As he finishes his Test career with 439 wickets, the fifth most by any pace bowler, those concerns are put to rest. What made him a legend was his ability to pick up wickets quite frequently. His strike rate of 42.3 is the best for any bowler with more than 200 Test wickets.
Capturing Asia and the rest. Check.
Recount some of Steyn’s best spells and Nagpur 2010 against India, Durban 2010 against India, Karachi 2007 against Pakistan and Melbourne 2008 against Australia stand out.
What makes these spells unique is that each of them came in different innings’ of the Test match - if Karachi was in the 4th innings, Durban was in the first innings, Melbourne in the 3rd innings and Nagpur in the second innings.
It reveals the kind of bowler Steyn was in red ball cricket. He excelled irrespective of conditions and steamed in with unwavering intensity on day one and on day five. He was as effective in any innings of a Test match and this turned him into a captain’s go to bowler.

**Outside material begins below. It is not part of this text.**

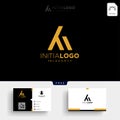 gold luxury and premium initial M or KM logo template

If the pitch was green on day 1, he would swing and seam it. If it was dead flat, he would unleash cross seamers and extract life out of the surface. When the ball was old, Steyn would steam in with the same aggression and find reverse swing effortlessly. He just knew to pick up wickets whatever the conditions, whatever stage the Test match was in.
Conquering the wear and tear. Check.
With flat pitches and the rise of T20 cricket, batsmen dominated cricket across formats, and this took a toll on a numbers of bowlers. Not Steyn, though. He had a way of finding the best batsman in the opposition side and engaging in one-on-one battles with him that often swayed in his way.
The persistence and sheer eagerness to win over resilient batsmen and least aggressive batsmen made Steyn a captain’s go-to man.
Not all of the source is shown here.